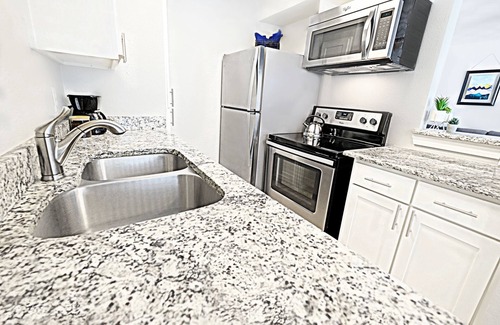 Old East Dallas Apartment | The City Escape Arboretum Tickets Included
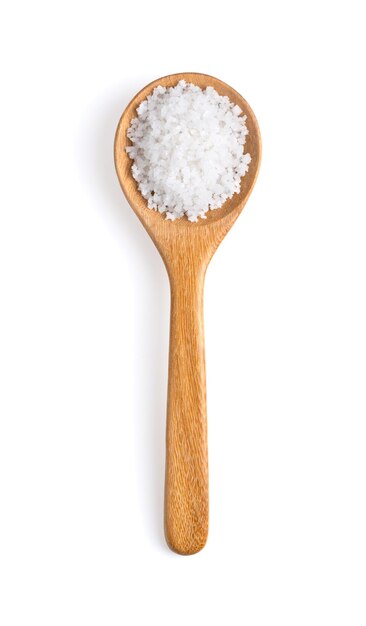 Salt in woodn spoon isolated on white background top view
==
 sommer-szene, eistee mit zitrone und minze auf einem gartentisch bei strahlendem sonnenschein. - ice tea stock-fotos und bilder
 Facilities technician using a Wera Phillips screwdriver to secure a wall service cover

(WORK INSTRUCTIONS): Give back exactly, and solely, the section of the data above bounded by the line containing "Old East Dallas" and the line containing "Salt in woodn", both bounding lines included and pictures omitted.

(COMPLETED EXERCISE):
 Old East Dallas Apartment | The City Escape Arboretum Tickets Included
 Salt in woodn spoon isolated on white background top view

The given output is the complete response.